Dan Barker teams up with Charles Strouse

Freedom From Religion Foundation’s Dan Barker has teamed up to write a song with Broadway icon (“Annie,” “Bye Bye Birdie”) Charles Strouse, and their irreverent collaboration debuts in FFRF’s newly-released third musical CD, “Adrift on a Star.”

 

Cover: Seymour Cwast                                                Barker and Strouse

The album’s showpiece is “Poor Little Me,” a collaboration between FFRF Co-President Dan Barker, who wrote the lyrics, and Charles Strouse, composer. Strouse received FFRF’s Emperor Has No Clothes Award in 2011. The award, which features a golden statuette depicting the fairy-tale emperor, is reserved for public figures who make known their dissent from religion.

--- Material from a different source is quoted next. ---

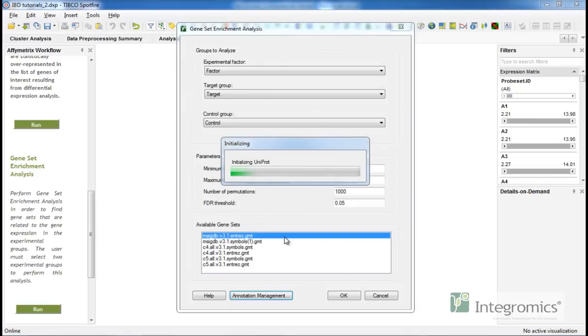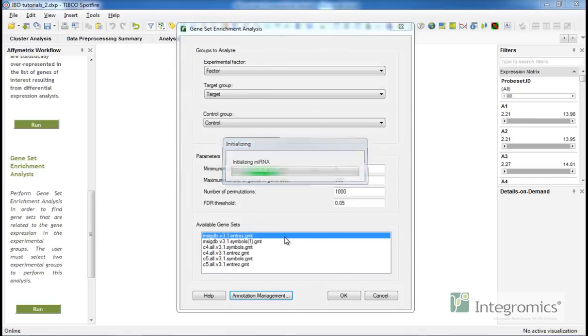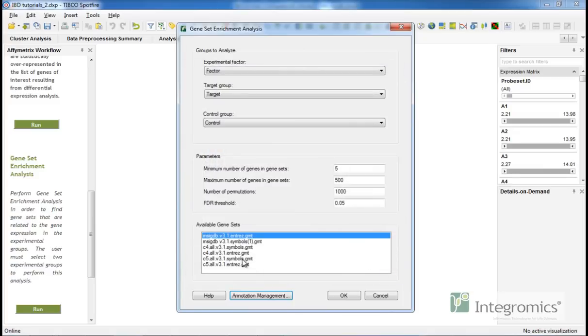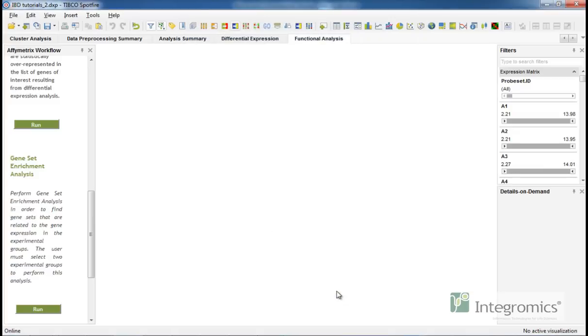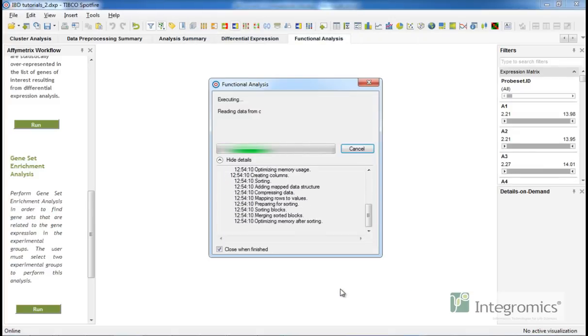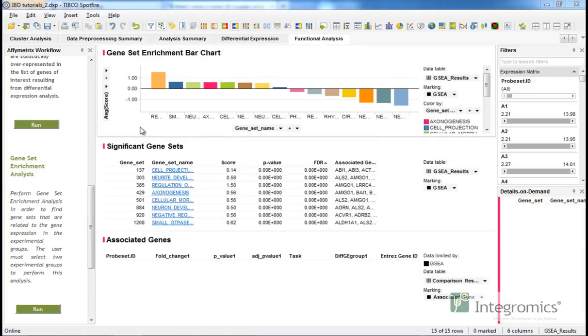To perform geneset enrichment analysis, please make sure that the array-specific annotations for the analyzed data are installed. Once you've defined your geneset of choice, please click Run to perform geneset enrichment analysis.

“I had the pleasure of sitting next to Charles at the 2011 FFRF convention dinner,” says Dan. “We chatted about music, the many Broadway and other composers who are nonreligious, and he said if I sent him some lyrics, he would put them to music. So I did and he did. It’s truly a collaboration, because Charles threw away about half of my lyrics, and it’s a much better song for it!”

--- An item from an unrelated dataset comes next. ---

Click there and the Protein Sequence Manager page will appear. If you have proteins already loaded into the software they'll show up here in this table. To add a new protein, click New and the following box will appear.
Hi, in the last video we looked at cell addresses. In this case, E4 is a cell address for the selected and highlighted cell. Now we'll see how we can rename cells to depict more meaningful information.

What’s left are subtly humorous lyrics and rich music blended into a memorable song. Read the tongue-in-cheek lyrics. Click here (or the play button) to listen to a sample of the song.

Strouse is not the only Broadway icon featured on the CD. Dan recorded “Experiment,” a little-known paean to science and critical thinking by Cole Porter, another of the Great American Songbook songwriters who was nonreligious.  The title song is Barker’s arrangement of a poem by nonbeliever E.Y. (Yip) Harburg, lyricist of “Somewhere Over the Rainbow,” “It’s Only a Paper Moon” and many enduring classics. FFRF collaborated with the Yip Harburg Foundation in reprinting Harburg’s Rhymes for the Irreverent. Collecting Yip’s light verse, FFRF’s reprint adds additional illustrations by the noted Seymour Cwast, who illustrated Yip’s original books in the 1960s and 1970s. Cwast also designed the cover for “Adrift on a Star.”

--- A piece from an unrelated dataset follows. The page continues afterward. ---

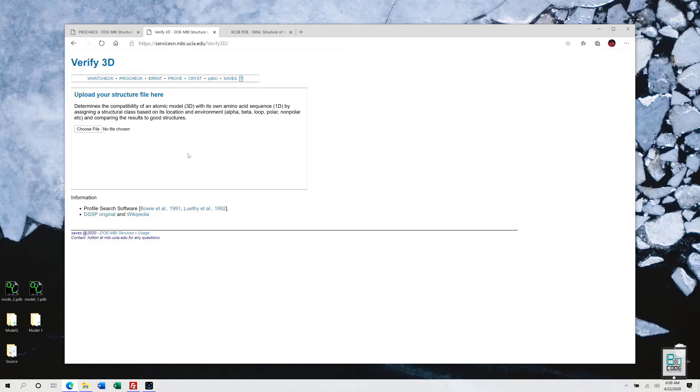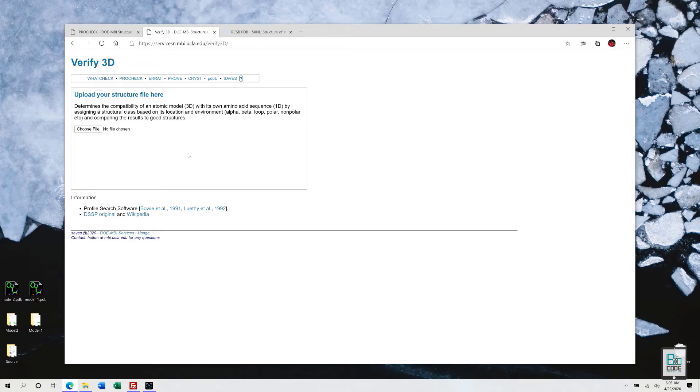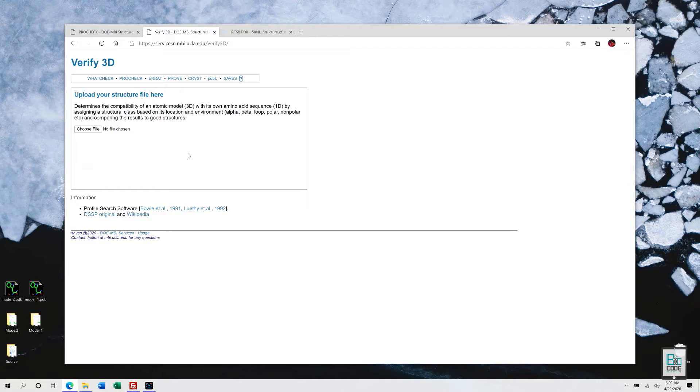In this video, we will see Verify 3D program. It is utilized for model evaluation. What really happens within this tool is a compelling compatibility of 1D sequence or the primary sequence of the amino acids of the protein, which are also known as the amino acid sequence.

To showcase many of Harburg’s witty rhymes about religion, Dan set them to music in “Somewhere Over the Paper Moon,” which he performs as a duet with talented Madison vocalist Susan Hofer. A sample:

Lead Kindly Light

Where Bishop Patrick crossed the street
An “X” now marks the spot.
The light of God was with him,
But the traffic light was not.

Dan also performs Harburg’s song “One Sweet Morning,” a lovely but rarely recorded peace anthem with a freethought perspective. The music is by Earl Robinson (“Joe Hill”).

 Barker, who had a musical ministry as an ordained minister before “seeing the light” and is still receiving royalties for his Christian musicals for children, has now written scores of freethought songs in what he calls “reverse penance.” Other new songs in the album include “Get Off Your Knees (And Get to Work),” dedicated to “Gov. Rip Van-Perry Winkle, who has slept not 30 but 2,030 years,” “Reason,” inspired by the D.C. Reason Rally, and Dan’s humorous “Unfaithful.” Dismissing belief in a deity, the lyrics say: “I want you to know it isn’t me — it’s you.”

Hofer performs Dan’s jazz ballad, a love song, “It’s Only Natural,” inspired by Richard Dawkins’ book Unweaving the Rainbow, which makes a plea to integrate science and art.

Dan set plaintive music to poet and lyricist Philip Appleman’s cautionary “In a Dark Time,” written in the mid-2000s.

By popular request of FFRF’s staff, Dan recorded a G-rated version of “Merry F&*#ing Christmas” from “South Park.” Cameo appearances include Australian freethought/feminist troubadour Shelly Segal, who graciously gave FFRF permission to include her haunting song “I Don’t Believe in Fairies,” and Joe Taylor, formerly a Christian rocker, who recorded his first freethought song, “Be Still My Child,” for the album.

Also included is “It Ain’t Necessarily So,” by the nonbelieving Gershwin brothers, sung by Hofer and arranged by Dan with a local band. Bonus tracks include a few extras.

“Adrift on a Star” joins FFRF’s two previous CDs, featuring Barker and friends. “Beware of Dogma,” and the 34-song “Friendly Neighborhood Atheist,”  with many contemporary and historic freethought songs, also featuring Kristen Lems.